University of Leicester eBulletin: Professor Chris Binns (Physics and Astronomy) on his exciting project connected to the 'zero-point energy' of space.

Three thousand years ago the Greek philosophers Leucippus and his student Demokritos proposed the concept of the atom, as a fundamental building block of materials, in order to circumvent a paradox that arises with continuous elements (such as earth fire air and water). They pointed out that if matter was really a continuum then you could cut it into smaller and smaller pieces ad infinitum and, in principle, cut it out of existence into pieces of nothing that could not then be reassembled. Thus, they reasoned, there must be a smallest piece of matter that could not be further divided the a-tomon (uncuttable) from which the word atom is derived.

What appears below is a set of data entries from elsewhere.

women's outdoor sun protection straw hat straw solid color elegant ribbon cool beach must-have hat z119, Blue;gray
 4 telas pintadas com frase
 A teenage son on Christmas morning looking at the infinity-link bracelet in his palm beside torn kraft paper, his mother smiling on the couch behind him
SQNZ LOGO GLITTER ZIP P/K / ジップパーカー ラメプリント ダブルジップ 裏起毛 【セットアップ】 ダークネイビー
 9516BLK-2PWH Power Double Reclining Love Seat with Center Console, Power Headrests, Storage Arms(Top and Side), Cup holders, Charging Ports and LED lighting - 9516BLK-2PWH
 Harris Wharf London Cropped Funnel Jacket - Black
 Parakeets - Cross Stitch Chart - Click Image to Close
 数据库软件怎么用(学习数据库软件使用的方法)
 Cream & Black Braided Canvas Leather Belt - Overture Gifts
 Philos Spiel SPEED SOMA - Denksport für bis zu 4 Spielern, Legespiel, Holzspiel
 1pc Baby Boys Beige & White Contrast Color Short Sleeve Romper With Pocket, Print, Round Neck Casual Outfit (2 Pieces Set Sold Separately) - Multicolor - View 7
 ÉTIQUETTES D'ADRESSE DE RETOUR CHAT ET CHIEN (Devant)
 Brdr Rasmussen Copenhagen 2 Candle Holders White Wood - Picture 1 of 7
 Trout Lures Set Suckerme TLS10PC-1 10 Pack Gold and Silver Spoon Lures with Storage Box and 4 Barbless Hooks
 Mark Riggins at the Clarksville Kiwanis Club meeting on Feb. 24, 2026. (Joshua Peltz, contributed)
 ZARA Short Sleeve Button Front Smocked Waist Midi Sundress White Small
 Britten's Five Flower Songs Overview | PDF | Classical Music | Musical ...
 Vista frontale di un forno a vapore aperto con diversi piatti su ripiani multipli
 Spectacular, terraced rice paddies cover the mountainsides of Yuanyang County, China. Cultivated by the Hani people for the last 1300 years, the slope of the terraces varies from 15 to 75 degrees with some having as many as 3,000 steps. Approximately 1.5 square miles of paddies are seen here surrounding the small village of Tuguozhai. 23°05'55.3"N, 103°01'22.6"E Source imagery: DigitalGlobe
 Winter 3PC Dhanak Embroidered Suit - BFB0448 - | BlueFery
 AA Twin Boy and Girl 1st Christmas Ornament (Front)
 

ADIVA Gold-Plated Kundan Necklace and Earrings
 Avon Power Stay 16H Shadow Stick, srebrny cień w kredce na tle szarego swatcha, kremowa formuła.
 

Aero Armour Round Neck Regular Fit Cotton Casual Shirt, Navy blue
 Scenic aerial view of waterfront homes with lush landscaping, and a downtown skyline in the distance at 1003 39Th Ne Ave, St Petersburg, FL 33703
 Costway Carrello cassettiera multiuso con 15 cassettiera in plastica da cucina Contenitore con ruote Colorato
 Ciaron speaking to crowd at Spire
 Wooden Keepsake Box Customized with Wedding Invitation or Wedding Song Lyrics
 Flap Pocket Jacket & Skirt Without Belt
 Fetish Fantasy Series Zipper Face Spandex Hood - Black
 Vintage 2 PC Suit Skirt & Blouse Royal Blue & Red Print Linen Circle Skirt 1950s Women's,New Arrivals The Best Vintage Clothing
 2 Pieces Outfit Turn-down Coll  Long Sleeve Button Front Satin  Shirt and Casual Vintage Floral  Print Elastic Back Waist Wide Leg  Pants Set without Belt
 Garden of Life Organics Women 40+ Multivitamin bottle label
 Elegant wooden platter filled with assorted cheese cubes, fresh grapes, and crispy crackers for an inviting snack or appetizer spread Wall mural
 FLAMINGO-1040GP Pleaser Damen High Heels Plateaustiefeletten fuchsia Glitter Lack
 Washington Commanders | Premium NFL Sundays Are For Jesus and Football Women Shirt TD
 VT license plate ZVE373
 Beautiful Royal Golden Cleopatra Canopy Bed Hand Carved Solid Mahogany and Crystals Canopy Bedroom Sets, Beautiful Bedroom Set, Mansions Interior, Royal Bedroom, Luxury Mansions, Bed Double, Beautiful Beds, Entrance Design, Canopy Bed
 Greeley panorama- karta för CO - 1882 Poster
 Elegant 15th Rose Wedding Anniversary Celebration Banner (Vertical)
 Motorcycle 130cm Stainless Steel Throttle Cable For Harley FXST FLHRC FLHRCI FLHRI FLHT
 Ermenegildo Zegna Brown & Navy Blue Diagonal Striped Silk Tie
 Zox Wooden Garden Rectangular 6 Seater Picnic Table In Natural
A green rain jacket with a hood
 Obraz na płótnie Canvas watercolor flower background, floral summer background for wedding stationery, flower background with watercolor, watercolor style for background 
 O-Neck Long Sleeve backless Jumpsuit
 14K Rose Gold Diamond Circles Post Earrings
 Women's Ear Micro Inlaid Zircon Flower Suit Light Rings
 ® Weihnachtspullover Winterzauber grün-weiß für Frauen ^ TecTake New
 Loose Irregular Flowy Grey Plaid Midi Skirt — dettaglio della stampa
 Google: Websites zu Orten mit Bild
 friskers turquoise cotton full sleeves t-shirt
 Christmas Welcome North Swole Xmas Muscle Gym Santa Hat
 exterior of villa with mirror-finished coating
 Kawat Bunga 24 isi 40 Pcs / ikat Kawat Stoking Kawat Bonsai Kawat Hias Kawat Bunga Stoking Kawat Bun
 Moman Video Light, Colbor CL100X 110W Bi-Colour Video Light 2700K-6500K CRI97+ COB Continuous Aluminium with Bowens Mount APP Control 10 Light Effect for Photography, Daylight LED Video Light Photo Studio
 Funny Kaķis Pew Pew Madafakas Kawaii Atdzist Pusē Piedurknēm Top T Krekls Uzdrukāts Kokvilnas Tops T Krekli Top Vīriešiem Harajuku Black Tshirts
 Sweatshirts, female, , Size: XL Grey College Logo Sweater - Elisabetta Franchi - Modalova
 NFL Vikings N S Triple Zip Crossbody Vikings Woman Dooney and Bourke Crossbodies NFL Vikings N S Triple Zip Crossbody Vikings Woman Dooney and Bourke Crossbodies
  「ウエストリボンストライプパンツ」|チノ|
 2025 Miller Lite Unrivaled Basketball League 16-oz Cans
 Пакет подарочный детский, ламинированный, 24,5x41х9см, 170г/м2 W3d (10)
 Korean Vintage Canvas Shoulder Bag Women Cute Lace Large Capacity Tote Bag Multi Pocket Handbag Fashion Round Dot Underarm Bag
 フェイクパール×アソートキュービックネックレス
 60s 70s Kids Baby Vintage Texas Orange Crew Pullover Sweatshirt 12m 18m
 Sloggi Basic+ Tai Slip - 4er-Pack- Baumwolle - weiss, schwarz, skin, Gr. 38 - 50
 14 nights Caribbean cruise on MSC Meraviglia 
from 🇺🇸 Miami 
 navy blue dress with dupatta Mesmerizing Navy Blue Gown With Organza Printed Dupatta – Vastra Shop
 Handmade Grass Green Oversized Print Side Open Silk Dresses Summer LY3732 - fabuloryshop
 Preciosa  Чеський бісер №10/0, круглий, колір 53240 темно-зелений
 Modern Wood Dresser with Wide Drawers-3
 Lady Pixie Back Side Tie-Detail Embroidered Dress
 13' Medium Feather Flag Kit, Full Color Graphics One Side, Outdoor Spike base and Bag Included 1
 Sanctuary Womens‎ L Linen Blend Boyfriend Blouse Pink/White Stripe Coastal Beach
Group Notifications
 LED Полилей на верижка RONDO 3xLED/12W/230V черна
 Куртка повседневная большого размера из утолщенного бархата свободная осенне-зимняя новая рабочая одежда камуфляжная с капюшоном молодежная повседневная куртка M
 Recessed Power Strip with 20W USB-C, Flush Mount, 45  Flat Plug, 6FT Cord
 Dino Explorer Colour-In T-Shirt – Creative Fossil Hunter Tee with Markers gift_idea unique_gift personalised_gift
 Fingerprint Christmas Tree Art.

To complete the picture you also need a void in which the atoms move, a concept that produced fervent debate, for example, is the void a ‘nothing’ or a ‘something’ and is it a continuum or does the void itself have an uncuttable smallest unit.

While the atom, the legacy of Leucippus and Demokritos, is now a familiar part of the scientific landscape, the true nature of the void remains a mystery. In classical Physics the void is a ‘nothing’, a simple absence of all matter and energy. Quantum theory tells a different story and states that the void is definitely a ‘something’. It is a seething mass of ‘virtual’ particles that fleetingly appear into and then disappear from our observable universe. This activity, known as quantum fluctuations, corresponds to an intrinsic energy of the void, the ‘zero-point energy’, which, if the void were a continuum, would be infinite. It is generally believed that there is a smallest piece of void, which makes the zero-point energy finite but still colossal beyond the imagination. Each cubic millimetre of empty space contains more than enough zero-point energy to create a new universe.

In a sense the actual value of the zero-point energy is not important because everything we know about is on top of it. According to quantum field theory every particle is an excitation (a wave) of an underlying field (for example the electromagnetic field) in the void and it is only the energy of the wave itself that we can detect. A useful analogy is to consider our observable universe as a mass of waves on top of an ocean, whose depth is immaterial. Our senses and all our instruments can only directly detect the waves so it seems that trying to probe whatever lies beneath, the void itself, is hopeless. Not quite so. There are subtle effects of the zero-point energy that do lead to detectable phenomena in our observable universe. An example is a force, predicted in 1948 by the Dutch physicist, Hendrik Casimir, that arises from the zero-point energy. If you place two mirrors facing each other in empty space they produce a disturbance in the quantum fluctuations that results in a pressure pushing the mirrors together. Detecting the Casimir force however is not easy as it only becomes significant if the mirrors approach to within less than 1 micrometre (about a fiftieth the width of a human hair). Producing sufficiently parallel surfaces to the precision required has had to wait for the emergence of the tools of nanotechnology to make accurate measurements of the force.

In the last decade this has happened and a spate of measurements using atomic force microscopes has confirmed Casimir’s prediction to a precision of about 5% and the zero-point energy of the void is an experimental reality. This is just the beginning however as the force has only been measured in very simple geometries such as flat parallel plates. More recent calculations show that the force is sensitive to geometry and by changing the materials and the shape of the cavity you can alter the magnitude of the Casimir force and possibly even reverse it. This would be a ground-breaking discovery as the Casimir force is a fundamental property of the void and reversing it is akin to reversing gravity. Technologically this would only have relevance at very small distances but it would revolutionise the design of micro- and nano-machines.

The srif2 and srif3 investment by the University of Leicester in the Virtual Microscopy Centre and the Nanoscale Interfaces Centre has put the University in a key position to take a lead in Casimir force measurements in novel geometries. It has led to the award of an 800,000€ grant (NANOCASE) from the European framework 6 NEST (New and Emerging Science and Technology) programme to lead a consortium from three countries (UK, France and Sweden). The programme will use the ultra-high vacuum Atomic Force Microscope installed in the Physics and Astronomy department under srif2 to make very high precision Casimir force measurements in non-simple cavities and assess the utility of the force in providing a method for contactless transmission in nano-machines.

The new instrumentation to be installed soon following the srif3 investment will enable researchers to extend the measurements to yet more complex shapes and, for the first time, to search for a way to reverse the Casimir force.

This new wave of measurements will enable an unprecedented level of probing of the void and will provide important information on new theories of gravity and with sufficient precision will even put limits on the true number of spatial dimensions. Knowing how zero-point energy varies with the shape of an enclosure may also give clues to the origin of so-called ‘dark energy’, discovered recently.

* Professor Chris Binns, Physics and Astronomy.